La conférence se poursuit ce jeudi matin, dès 9 h 45, avec le panel axé sur la thématique Rethinking Citizenship in the 21st century Africa, avec une introduction du Professeur Francis Nyamnjoh, de l’université de Cape Town. Elle se terminera par la thématique Re-engineering Human Capital : Exploring New Models and Methods, avec pour modérateur le Dr Caroline Ng Tseung Wong, de l’UoM.
La Constitution de Maurice vue par Milan Meetarbhan
Sur le thème « A critical Look at the Mauritian Constitution at 50 », le juriste Milan Meetarbhan fait observer que la rédaction de la Constitution de Maurice n’est pas le fait de Mauriciens, mais d’une loi issue de la conférence de Lancashire, à Londres en 1965, soit avant l’Indépendance. Ce qui aurait dû être le document suprême de notre pays, au-dessus de l’exécutif, a fini par être assujetti par les politiques.

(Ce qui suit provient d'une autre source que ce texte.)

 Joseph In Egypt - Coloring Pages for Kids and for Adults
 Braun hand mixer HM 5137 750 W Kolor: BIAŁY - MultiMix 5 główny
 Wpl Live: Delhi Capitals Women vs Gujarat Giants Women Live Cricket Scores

« Lorsqu’un gouvernement veut amender la Constitution à des fins politiques, il lui suffit de disposer de deux tiers ou des trois quarts des députés. On l’a vu à deux reprises. Si un gouvernement veut déclarer une loi anticonstitutionnelle, il lui suffit d’amender la Constitution. L’an dernier, il y a eu une tentative avortée grâce au départ d’un parti du gouvernement, ce qui l’a privé de la majorité nécessaire », souligne Milan Meetarbhan. La question du vieillissement de la population a été au centre de l’intervention d’Andrea Ressel, de l’université d’Harvard. Si Maurice a été visionnaire en mettant en œuvre une politique de contrôle des naissances, aujourd’hui se pose la problématique du traitement de nos aînés, en termes de services de santé en tenant compte de la croissance démographique. « Le vieillissement de la population est inévitable. Il faut planifier ce processus en recueillant des données, car il a des impacts sur l’économie », a rappelé Andrea Ressel.

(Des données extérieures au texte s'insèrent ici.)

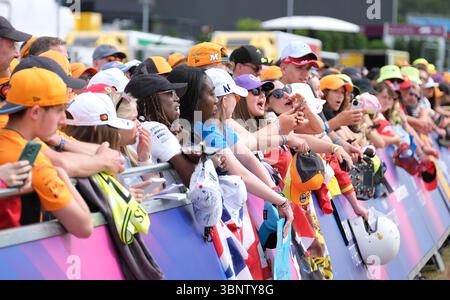 Fans are seen during the Formula One United States Grand Prix at the ...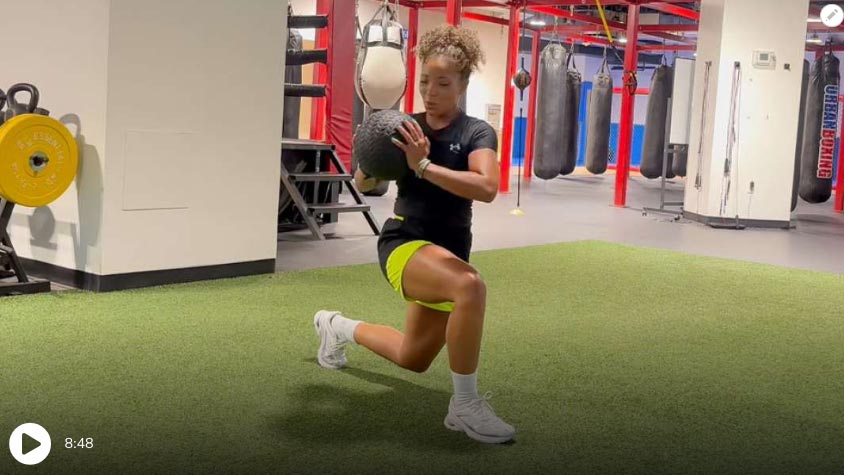  Medicine Ball Interval Workout | Monica Jones x NOW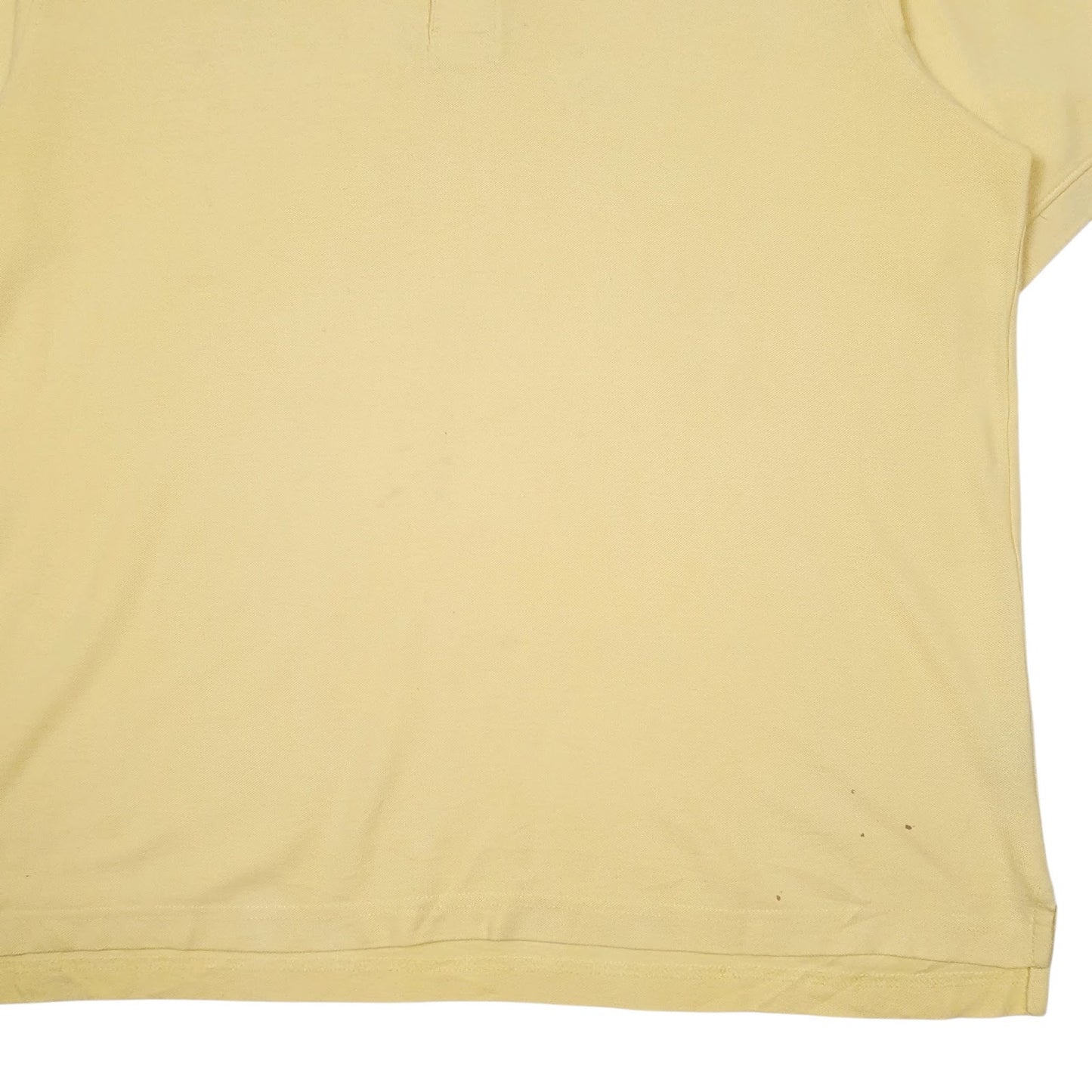 Mens Yellow Croft & Barrow   Polo Shirt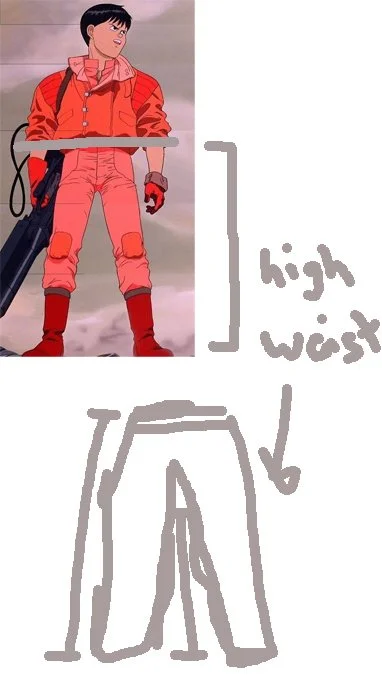 Notes from Kaneda's Jacket (AKIRA, 1988)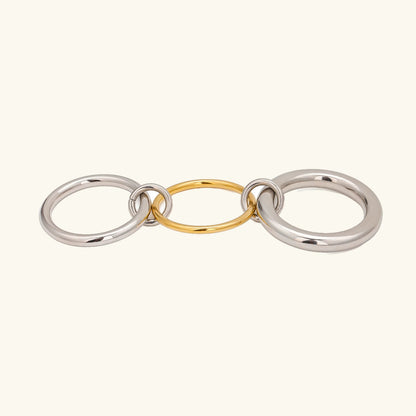[Gaonasi]Canaria Stacked Ring
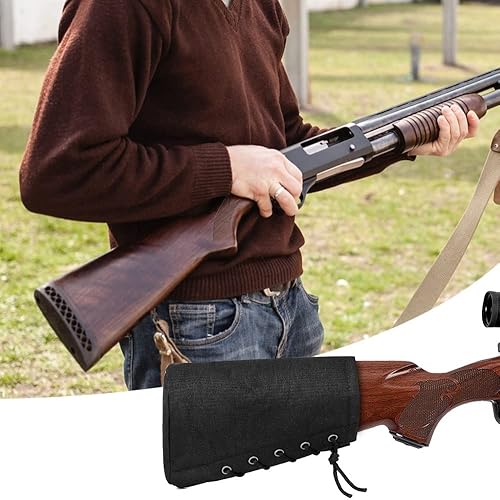 Miniatura 5 de DONGKER Almohadilla de retroceso para escopeta, almohadilla de retroceso para rifles, escopetas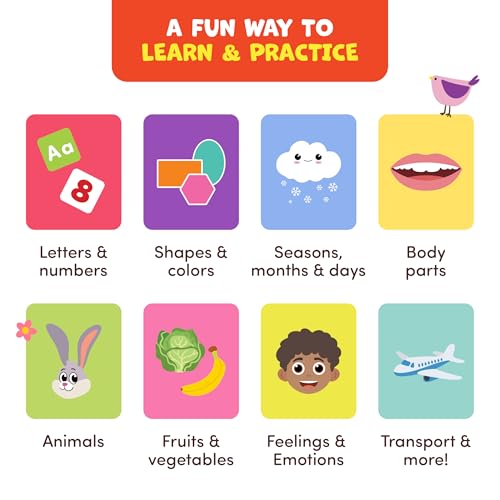 Preschool Busy Book for Toddlers 3-5, Educational Montessori Activity Toy
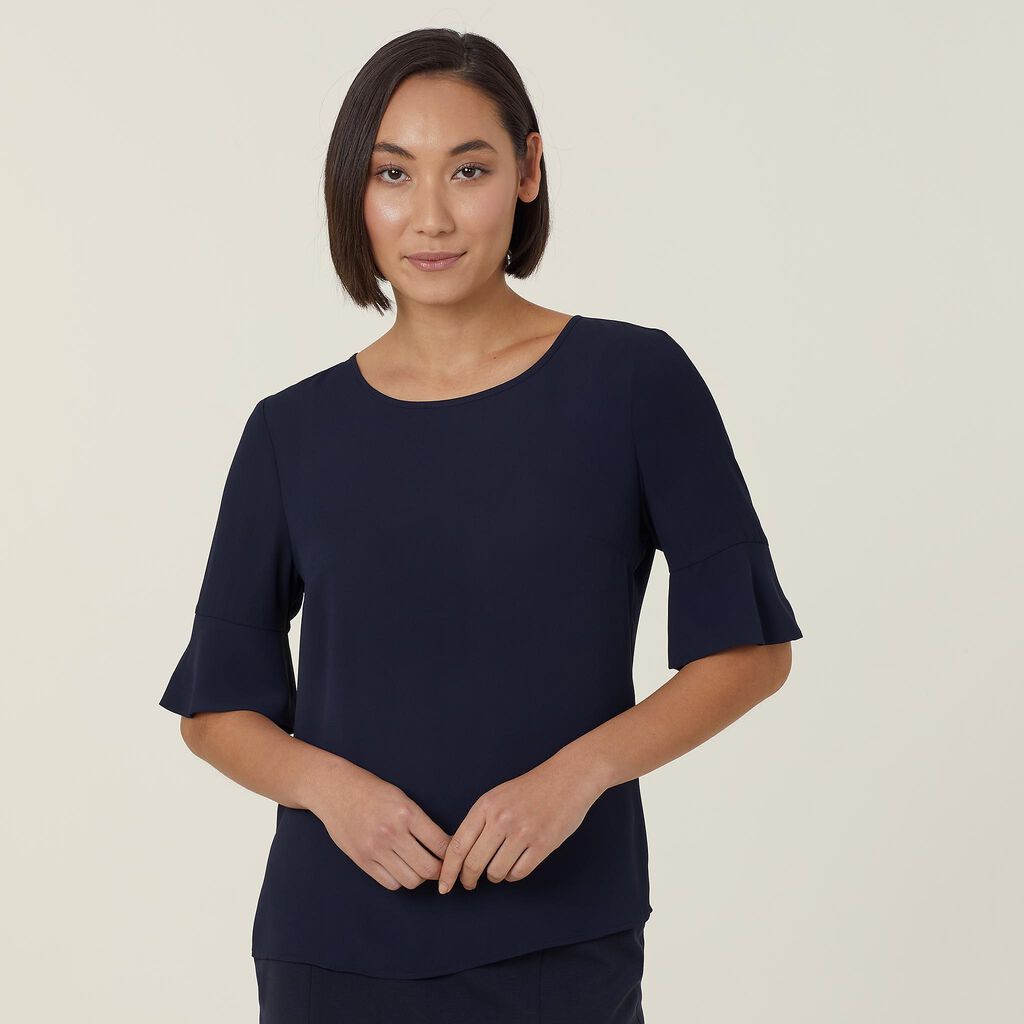 Fluted Sleeve Top Avignon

Manisha Dookhony : Rajeunir la classe politique
La problématique d’une population vieillissante serait-elle l’un des chaînons manquants de la difficulté à rajeunir la classe politique ? À entendre Manisha Dookhony, ce facteur explique le refus des dirigeants des grands partis de céder la place aux jeunes : il n’y a aucun espace accordé aux nouveaux venus. Selon Manisha Dookhony, la crise de leadership n’affecte pas seulement la classe politique mais aussi le secteur privé qui ne peut faire mieux que le gouvernement concernant la place faite aux femmes.

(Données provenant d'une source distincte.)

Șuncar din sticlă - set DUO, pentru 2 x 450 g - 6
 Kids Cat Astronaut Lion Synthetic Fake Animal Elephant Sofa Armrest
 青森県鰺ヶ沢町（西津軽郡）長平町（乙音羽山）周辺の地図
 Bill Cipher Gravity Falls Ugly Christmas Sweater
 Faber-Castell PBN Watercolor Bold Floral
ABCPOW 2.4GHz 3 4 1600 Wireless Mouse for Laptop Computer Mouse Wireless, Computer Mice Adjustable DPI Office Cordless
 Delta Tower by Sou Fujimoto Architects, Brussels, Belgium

Plus près de nous, elle cite l’absence de femmes à la conférence du Parti travailliste annonçant l’investiture de son candidat à l’élection partielle de Belle-Rose/Quatre-Bornes. « Il faut remonter à 1970, année de tourmentes sociales et politiques, pour voir un tournant dans le paradigme politique. Les dynasties sont apparues sur la scène politique dans les années suivantes », dit-elle. Prenant à contre-pied les discours consensuels, elle s’appuie sur la dernière publication du coefficient Gini pour démontrer que les inégalités se creusent à Maurice.